Statt der 21 kWh/100 km, die für den leer fast drei Tonnen (!) schweren Buzz in Ordnung wären, vermeldet der Bordcomputer Werte in Richtung 30 kWh/100 km, die 400-Kilometer-Tour München-Stubai-München stehen 27,5 kWh/100 km auf dem Zähler, zu denen sich noch zwei kWh Ladeverluste gesellen, in Summe 29,5 kWh/100 km. Ähnliches Ergebnis auf der VM-Testrunde, die mit höherem Autobahnanteil bei Null Grad absolviert 28,2 kW/100 km ergibt, nebst Ladeverlusten energiehungrige 32,7 kWh/100 km. Klar, alle Stromer verbrauchen im Winter mehr, aber muss es denn so viel mehr sein?

Eigentlich der neue "Effizienzantrieb"

Der hohe Wert erstaunt umso mehr, als es sich beim Antrieb um das brandneue Synchron-Aggregat App 550 handelt, das an der Hinterachse mit strammen 210 kW und 545 Nm die Hauptvortriebsarbeit leistet, ergänzt um einen 80-kW-Asynchron-Frontmotor (134 Nm), der den GTX zum eigentlich sehr wintertauglichen Elektro-Allradler adelt. Und die Wetterfühligkeit fällt auch deshalb auf, weil die Konzernstromer auf MEB mit selbigem (Single)Antrieb, ein ID.7 Tourer (18,7 kWh/100 km) oder ein Skoda Enyaq (16,9 kWh/100 km) im Sommer exzellente Effizienz an den Tag legten.

Auch der Buzz mit dem alten Antrieb war im Sommer nicht gar so schlecht unterwegs, mit 24,5 kWh/100 km über die VM-Runde, der Cargo kam gar mit 20 kWh/100 km über die Transporter-Runde mit weniger Autobahnanteil klar. Und schließlich: Der zeitgleich getestete MEB-basierte Ford Explorer RWD-ER mit 77-kWh-Akku schlug sich bei Kälte deutlich besser, mit 22,8 kWh/100 km nebst Ladeverlusten. Da müssen die Thermo-Techniker dringend nachlegen.

Sehr wetterfühlig

Man fragt sich: Ist der Akku denn gar nicht isoliert? Was macht eigentlich diese neue Wärmepumpe so? Es hilft alles nichts, die Tour von München bis Innsbruck und weiter ins Stubaital braucht einen Ladestopp, der praktischerweise bei einer längeren Pause in Mittenwald an den hilfreichen Emobility-Schnellladern der Energie Südbayern am Bahnhof erledigt werden kann. Ups, für 74 Cent pro Kilowattstunde! Happig, hier muss die nächste Regierung dringend beigehen, denn sonst bleiben die mittlerweile wirklich fast überall vorhandenen und in unserem Fall auch per EnBW-App (Geldbeutel vergessen!) nahtlos zugänglichen Lader so leer wie bei unserem Halt. 35 Euro löhnen wir für 47,8 kWh, die in 59 Minuten gezogen sind.

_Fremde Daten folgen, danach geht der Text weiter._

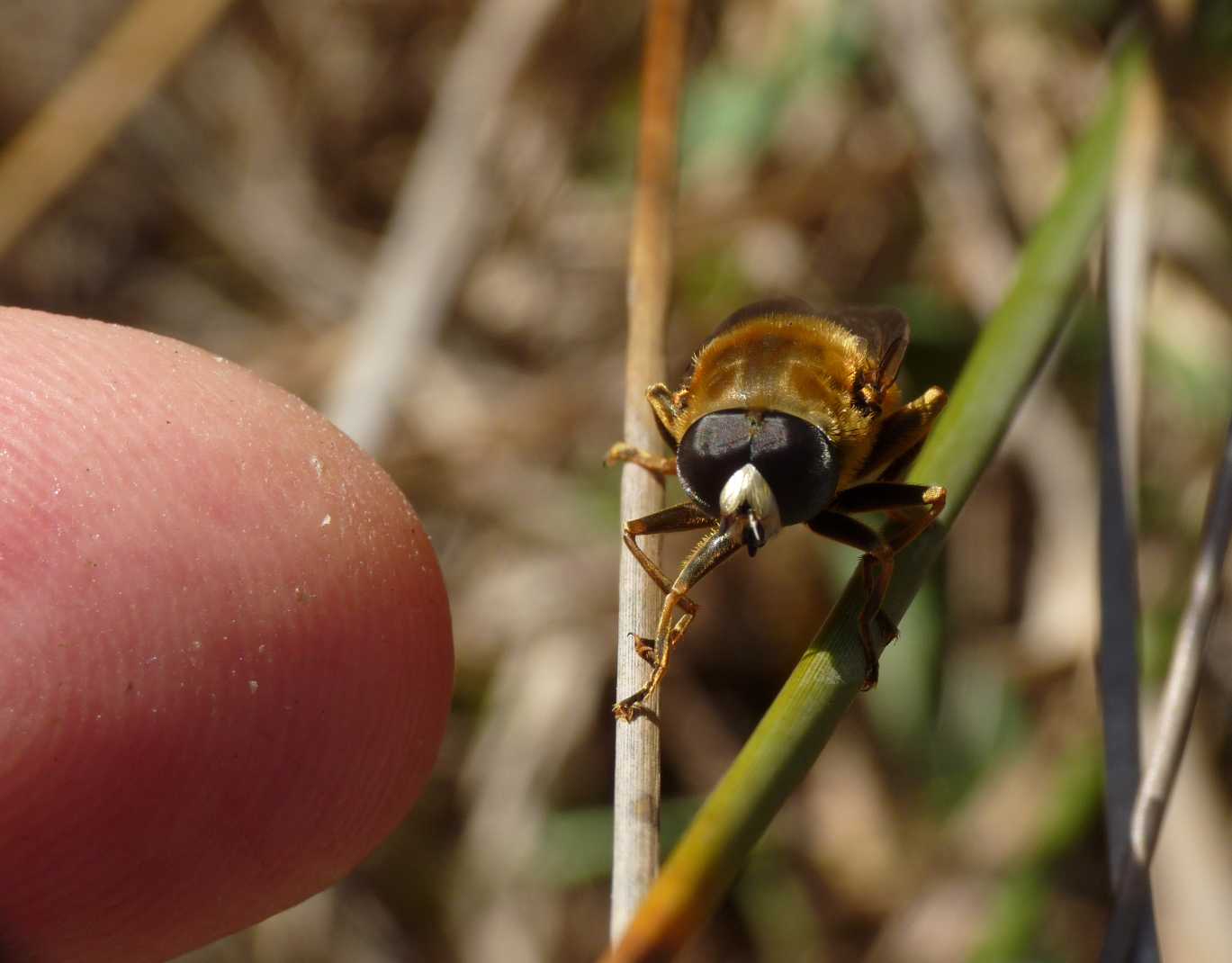 Merodon femmina e maschio (Sardegna)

Dass der DC-Lader nicht mehr als 50 kW kann, fällt nicht ins Gewicht, weil der Buzz bei Kälte von Minus 5,5 Grad ohnehin die Ladeleistung wie die Reichweite runterfährt und maximal 50 kW zieht, statt eigentlich maximaler 200 kW, mit denen sich der auf Netto 86 kWh vergrößerte Akku der GTX-Allrad-Version in 26 Minuten von zehn auf 80 Prozent bringen ließe - best case. Wir haben da eher den "worst case", aber Winter mit Minustemperaturen in Europa ist eben der Klimakrise zum Trotz immer noch Alltag - und daher obligatorisch für das VM-Test-Prozedere.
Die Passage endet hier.